Despite wellbeing plans being commonplace for many companies, finances remain an often neglected aspect. The solution cannot simply be to increase salaries, which isn´t entirely realistic. When developing financial wellbeing plans, it is essential to link strategies to pay and benefits policies that help employees regain control of their finances. Employers have several paths available to achieve this objective.

Accurate payroll systems

It might seem obvious, but the first step of any financial wellbeing strategy must be ensuring that employees get paid on time, everytime. A missed payday or miscalculated payment can result in worry and broken trust. However, ensuring perfect payroll is challenging, especially if employers have an international workforce or differing pay legislation and operational structures. Delivering multi-country payroll is no easy task.

Today’s payroll solutions, integrated with HR and finance systems, can streamline payroll processes, control costs, and improve payment accuracy. Ensuring a continuous flow of business intelligence between systems can automate employee bank data verification, enabling accurate, compliant, and secure payment delivery. It can also reduce the administrative burden of global bank transaction management with reliable and fast payments across multiple currencies.

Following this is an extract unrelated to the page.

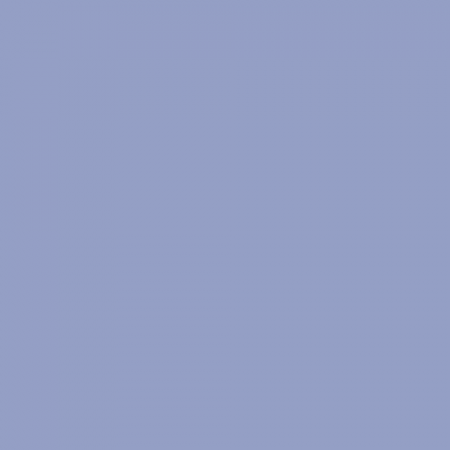 Краска Little Greene цвет NCS S 2030-R70B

Centralising systems allows organisations to embrace automation and avoid costly payroll process failure while also allowing for greater flexibility for employees.

Pay flexibility to support employees

Waiting until the end of the month to access salaries leaves many employees facing financial pressure, with the last of the week ramping up the pressure to make last month’s wage stretch. Instead, flexible pay models such as Earned Wage Access (EWA) put employees in control of when and how they access their pay.

EWA echoes the digital experiences that employees are used to as consumers, and for employers can provide an essential point of differentiation in a tough labour market. It demonstrates employees are valued for their work, empowered, and supported in their workplace.

The traditional weekly or monthly pay run does not always meet the needs of today’s workforce but has continued to be the dominant method of remuneration. This is mainly due to the rigidity of employers’ payroll processes, a lack of digital integration, and wariness from payroll practitioners. There are many pervading myths surrounding the implementation of EWA.

Besides the rich benefits EWA provides employees, on-demand pay solutions also enable integrated technologies to deliver faster and more efficient payroll solutions. This optimisation mitigates common mistakes or issues that could result from human error and affect business and HR operations.

Offering support when times demand it

Alongside the practical solutions that can support flexible and faultless payroll, employers can also support their employees with information and resources. Crucially, they should also consider how they can communicate with empathy and understand employees’ financial pressures.

Less than a fifth of employees (15%) say they currently receive personalised communications around financial-related benefits. This should be enough for employers to consider how they can support access to information and advice to better fit their staff. Whether partnering with a relevant third party, creating a digital information hub or empowering managers to signpost employees more effectively, much can be done to show workers you recognise their worries. Helping people take control of their financial future is a powerful way to build trust and loyalty.

Of course, this also requires employers to truly understand their workforce. Two-way empathetic communication is essential to building a picture of your workforce, so you can tailor your approach to financial wellbeing to their needs.

Embracing financial wellbeing

The impacts of today’s economic crisis are undeniable and being felt by us all. During tumultuous times, employers have a duty to think of their employees and offer whatever support they can. Improving financial wellbeing programmes calls for a new and fresh approach. This can be achieved leveraging HR and payroll technologies for an efficient and cost-effective delivery. These strategies can meet the needs of employers, as well as employees, and represent the future of workplaces that put wellbeing first.